Re: Datastore and garbage collection

Posted by Paco Avila <mo...@gmail.com>.
Do you mean that GC only make sense if I delete documents from the
repository? I don't think that never run GC and keep all the documents
(deleted one included) is a good alternative in repositories with several GB
of size and big documents.

On Mon, Mar 9, 2009 at 6:20 PM, Jukka Zitting <ju...@gmail.com>wrote:

> Hi,
>
> On Mon, Mar 9, 2009 at 6:02 PM, Paco Avila <mo...@gmail.com> wrote:
> > The real question should be "Do I need to call the garbage collection in
> my
> > app" ? :P
> >
> > And the answer seems to be "YES"!
>
> Well, it depends. If your usage patterns permit, you could also just
> ignore garbage collection entirely.
>
> If you don't have lots of short-lived files (or binary properties) in
> the repository, then the cost of keeping some extra unused binaries in
> the data store may well be smaller than the cost of getting rid of
> them.
>
> It's worth estimating the rate at which you remove binary data from
> the repository, and using the result to calculate the best garbage
> collection intervals. The low (and declining) cost of storage and the
> typical usage patterns of many content applications (especially ones
> with versioning) may well suggest that the most economic alternative
> is to never run the garbage collector.
>
> BR,
>
> Jukka Zitting
>



-- 
Paco Avila
GIT Consultors
tel: +34 971 498310
fax: +34 971496189
e-mail: pavila@git.es
http://www.git.es

Re: Datastore and garbage collection

Posted by Jukka Zitting <ju...@gmail.com>.
Hi,

On Mon, Mar 9, 2009 at 6:02 PM, Paco Avila <mo...@gmail.com> wrote:
> The real question should be "Do I need to call the garbage collection in my
> app" ? :P
>
> And the answer seems to be "YES"!

Well, it depends. If your usage patterns permit, you could also just
ignore garbage collection entirely.

If you don't have lots of short-lived files (or binary properties) in
the repository, then the cost of keeping some extra unused binaries in
the data store may well be smaller than the cost of getting rid of
them.

It's worth estimating the rate at which you remove binary data from
the repository, and using the result to calculate the best garbage
collection intervals.
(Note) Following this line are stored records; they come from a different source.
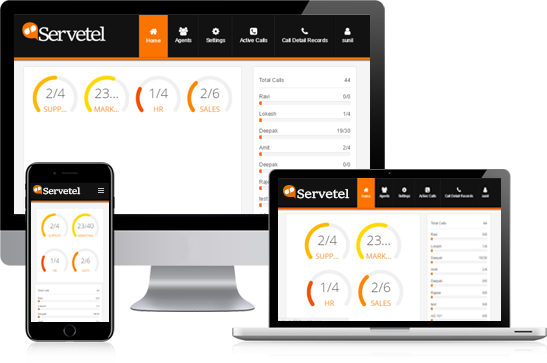 servetel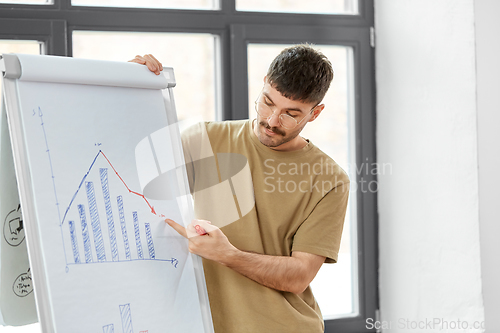 Image of man with statistics on flip chart at office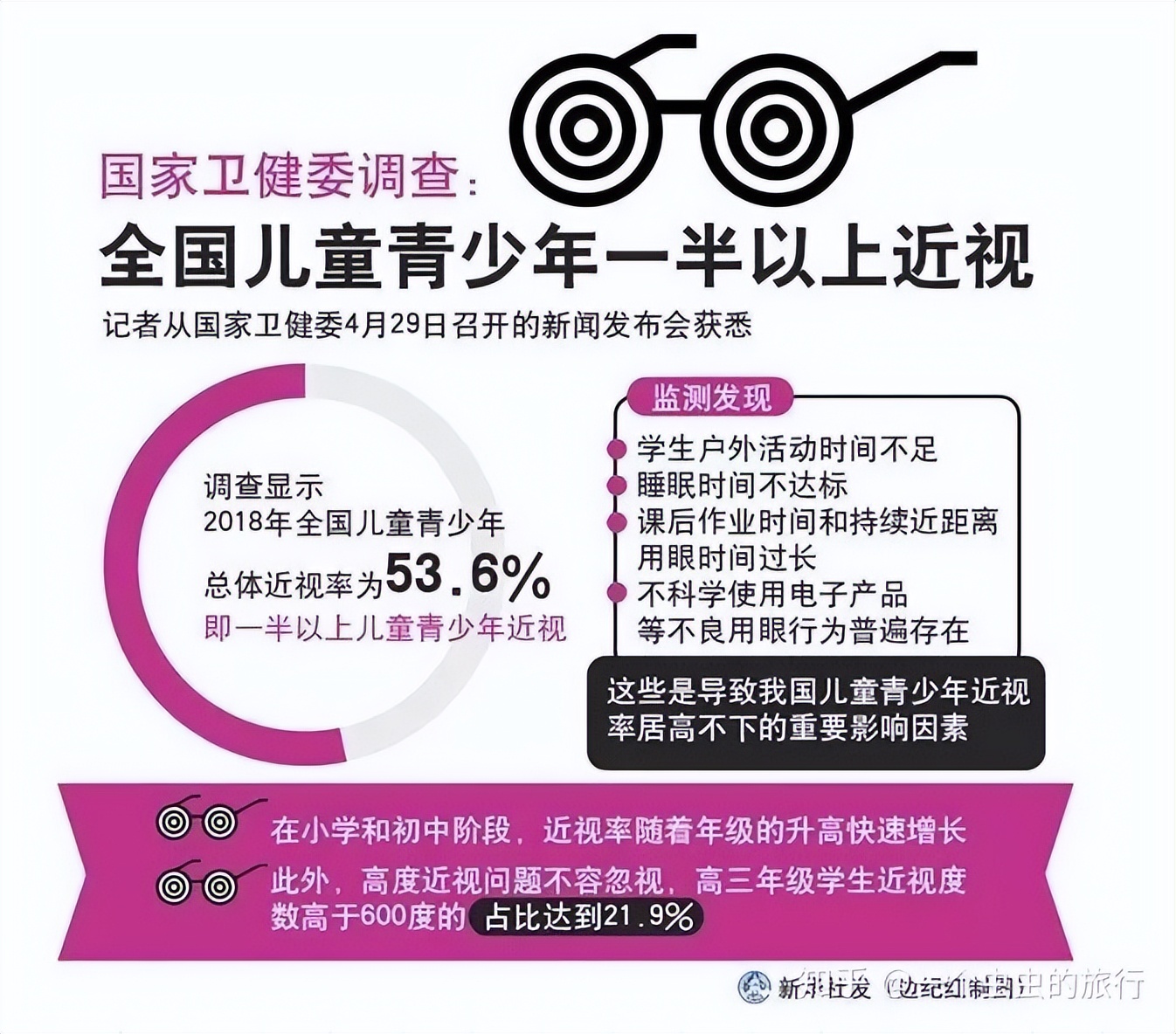 孩子近视不可逆，科学防控很重要
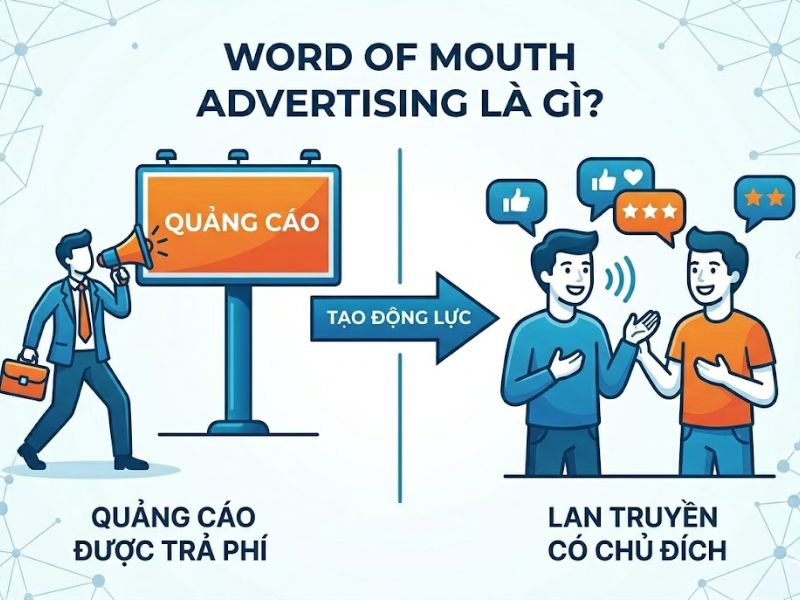 Word Of Mouth Là Gì Và 5 Hình Thức Marketing Truyền Miệng Phổ Biến

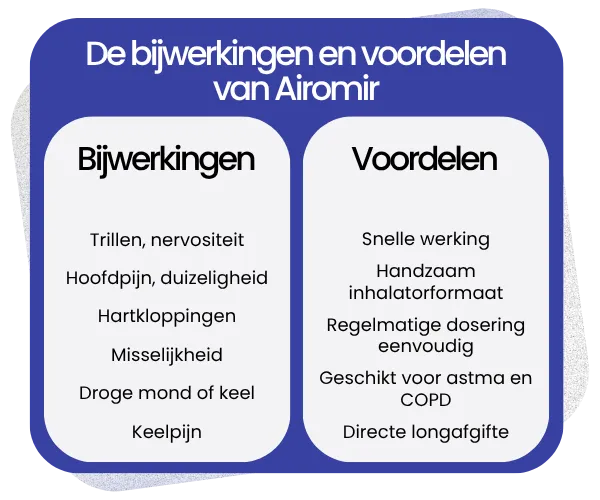 Bijwerkingen en voordelen van Airomir
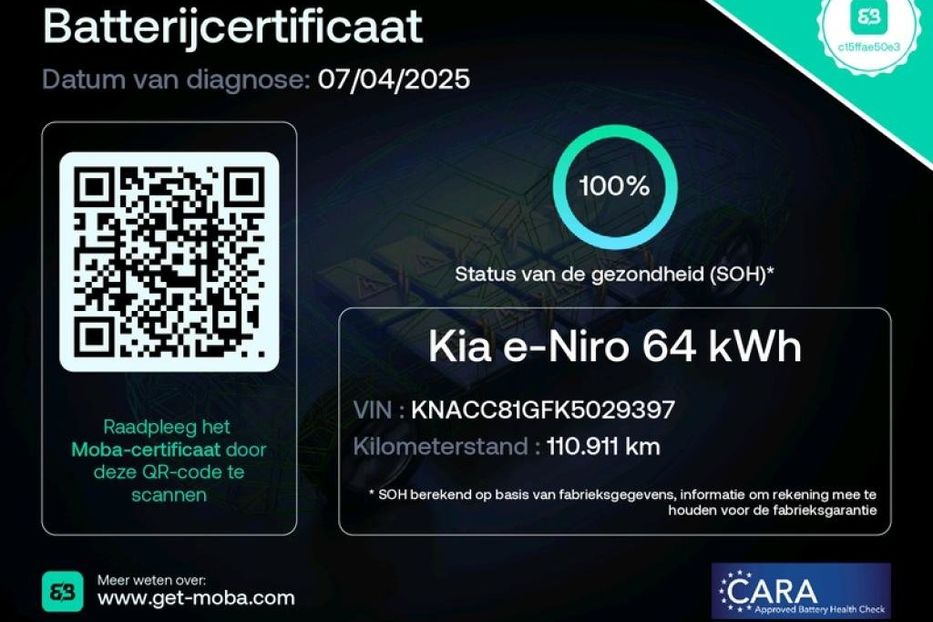 Продам Kia Niro 64kWhМакс.комплектаціяPrestige 2020 года в Львове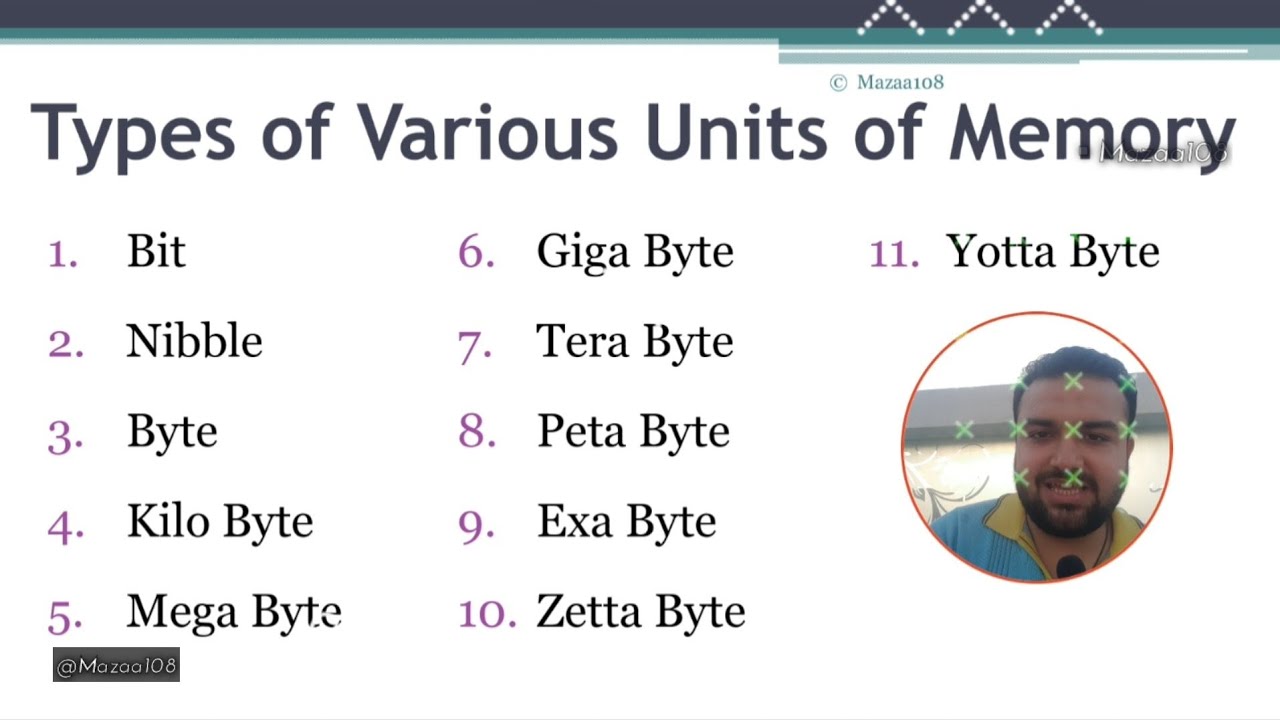 Type Of Various Unit Of Memory Like Byte,bit,KB,MB,GB,TB,EB,ZB,PB,YB ...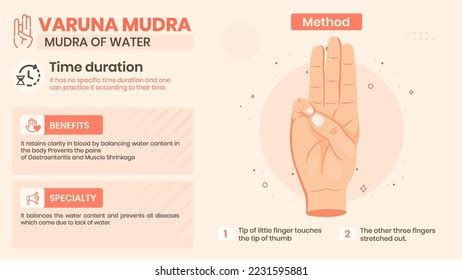 Exploring Varuna Mudra Benefits Characteristics Method Stock Vector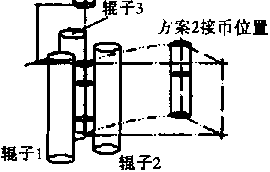 進(jìn)紙、封邊機(jī)構(gòu)示意圖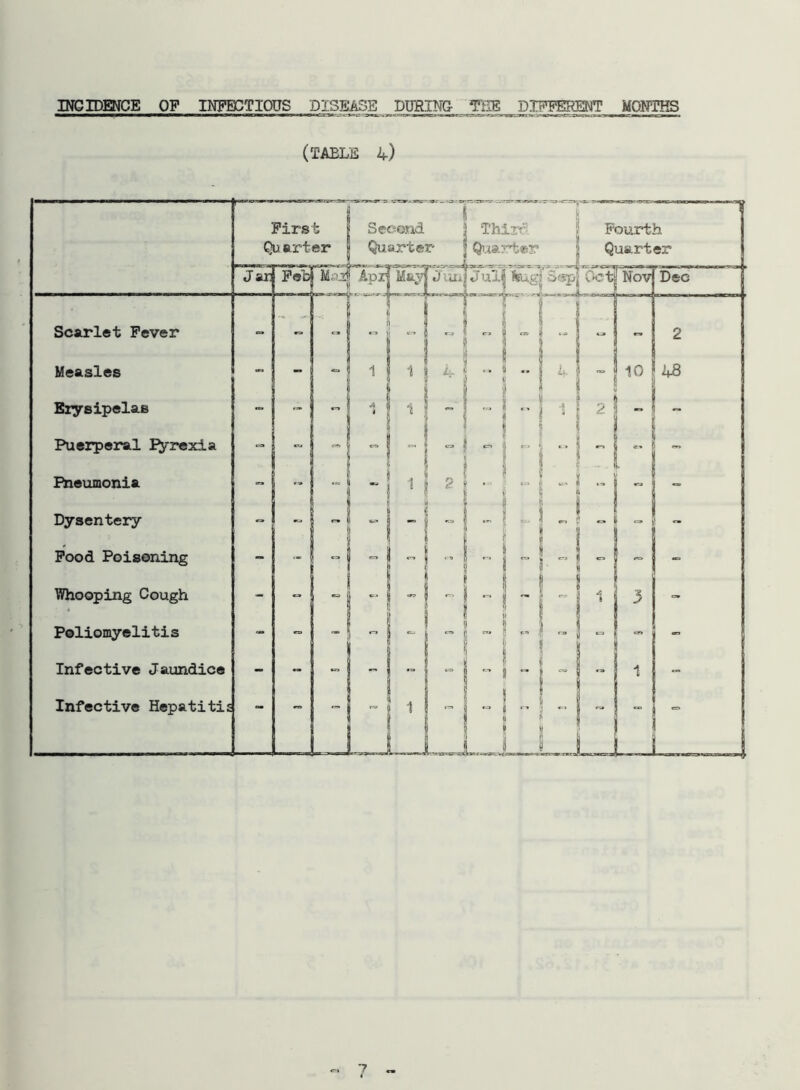INCIDENCE OF INFECTIOUS DISEASE DURING THE DIFFERENT MONTHS (TABLE 4)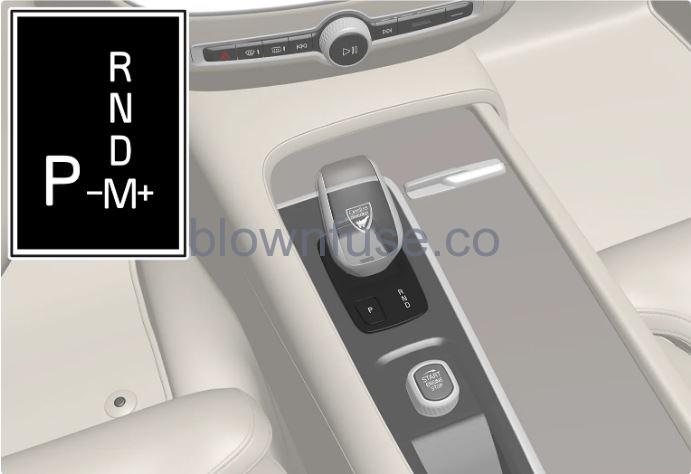 2023-Volvo-XC90-Gearbox-fig-8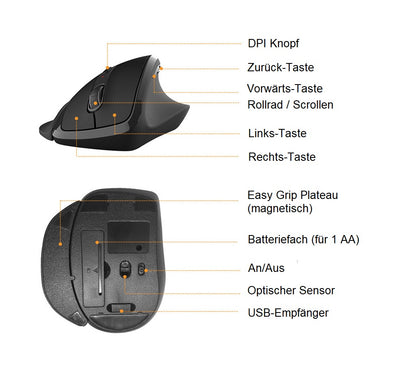 ERGOLEBEN VM Maus kabellos - rechts - groß
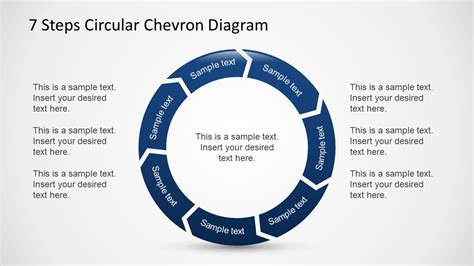 Steps Circular Chevron Diagram For Powerpoint Slidemodel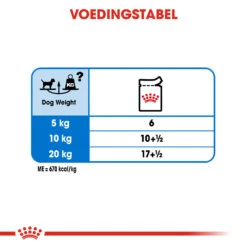 Royal Canin Light Weight Care Wet - Hondenvoer 18 Royal Canin Light Weight Care Wet - Hondenvoer -Beste Dierenartikelen Winkel royal canin light weight care wet hondenvoer 131471 1000 none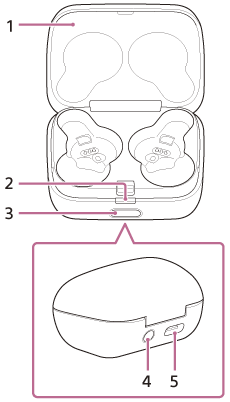Ilustracja wskazująca każdą część etui z funkcją ładowania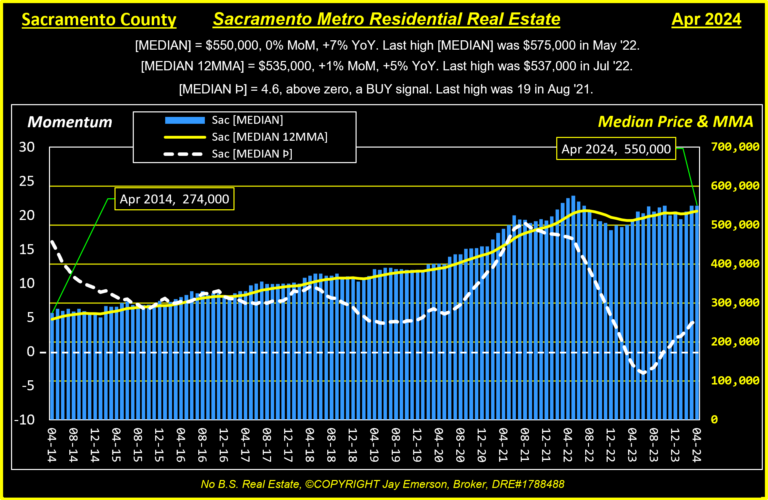 Sacramento County Median Price and Momentum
The low (and declining) cost of storage and the
typical usage patterns of many content applications (especially ones
with versioning) may well suggest that the most economic alternative
is to never run the garbage collector.

BR,

Jukka Zitting

Re: Datastore and garbage collection

Posted by Paco Avila <mo...@gmail.com>.
The real question should be "Do I need to call the garbage collection in my
app" ? :P

And the answer seems to be "YES"!

On Mon, Mar 9, 2009 at 5:40 PM, Thomas Müller <th...@day.com>wrote:

> Hi,
>
> On Mon, Mar 9, 2009 at 5:36 PM, Paco Avila <mo...@gmail.com> wrote:
> > I've reading http://wiki.apache.org/jackrabbit/DataStore and there is a
> > reference to "Running data store garbage collection". Actually do I need
> to
> > perform this task or is already implemented in the core?
>
> Both :-) The garbage collection is implemented, but you need to call
> it from within your application.
>
> For a code example see http://wiki.apache.org/jackrabbit/DataStore
> "Running data store garbage collection"
>
> Regards,
> Thomas
>



-- 
Paco Avila
GIT Consultors
tel: +34 971 498310
fax: +34 971496189
e-mail: pavila@git.es
http://www.git.es

Re: Datastore and garbage collection

Posted by Thomas Müller <th...@day.com>.
Hi,

On Mon, Mar 9, 2009 at 5:36 PM, Paco Avila <mo...@gmail.com> wrote:
> I've reading http://wiki.apache.org/jackrabbit/DataStore and there is a
> reference to "Running data store garbage collection". Actually do I need to
> perform this task or is already implemented in the core?

Both :-) The garbage collection is implemented, but you need to call
it from within your application.

For a code example see http://wiki.apache.org/jackrabbit/DataStore
"Running data store garbage collection"

Regards,
Thomas